Friday, May 19, 2006

Taranto Demonizes Pro-Law Opponents

The Wall Street Journal's incomprehensible pro-illegal immigration demagoguery continues. In his two most recent editions of "Best of the Web," Opinion Journal editor, James Taranto hits a variety of snarky notes and is clearly following the White House strategy, i.e. a campaign to marginalize opponents of the President's plan (which is, I believe, leaving stacks of blank "citizenship cards" on 7-11 counters across the Southwest), including the editors of conservative master-journal, National Review and supertalented, hawkish hotty, Michelle Malkin.

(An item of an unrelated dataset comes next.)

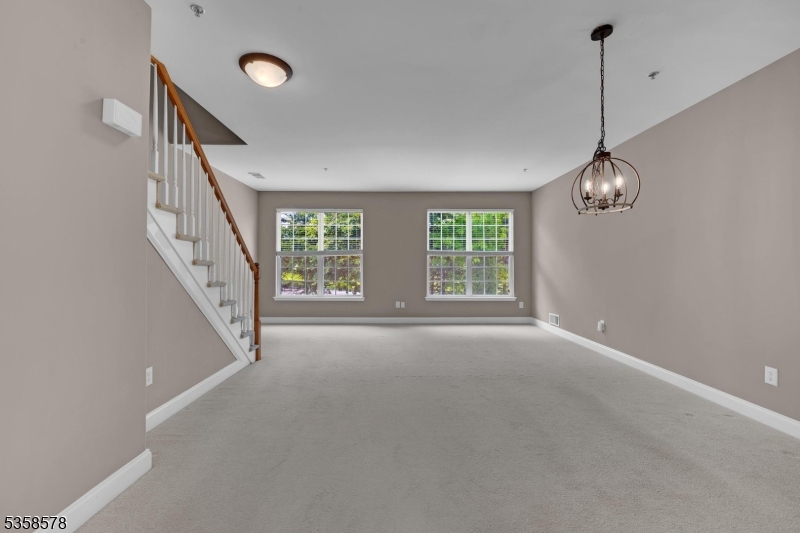 Warren Heights - Residential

With menstrual zeal, Taranto lashes effeminately out at what he refers to as "the nativist right" complete with a race-baiting attack on Malkin, "who celebrates America's wartime excesses" as he claims, by having "actually written a book defending Franklin D. Roosevelt's internment of Japanese-Americans." He even links to a page on her site that makes a damned good argument, that even if not fully persuasive,* should at least preclude the pretentious indignation that Taranto affects to support his cowardly and well, weenie attack. I mean he sounds like effing Al Franken or something.

Don't get me wrong; I generally really enjoy Taranto and love the Journal. I haven't missed a "Best of the Web" in probably 5 years. But when it comes to the subject of illegal immigration, there is a truly bizarre logical disconnect on the part of the Journal and her editors. I don't know if it's just a raw pro-business bent, or some slavish devotion to the Bush White House. Certainly the former is preferable, but either way, it's incredibly wrong-headed. Taranto doesn't even offer the slightest hint of his preferred solution to the situation, although I imagine it won't be a whole lot different than whatever our misguided Commander-in-Chief comes up with.

I pray that my party and it's representatives return to American Reaganite conservatism sometime very, very soon. The world is scary enough without a suicidal subversion of our laws, sovereignty, and national borders.

*I personally have considered the internment of not just Japanese, but of the Germans and Italians that made up nearly half of internees, to be unfortunate, but totally justifiable, and at the very least, far, far from the historical atrocity it's been made out to be.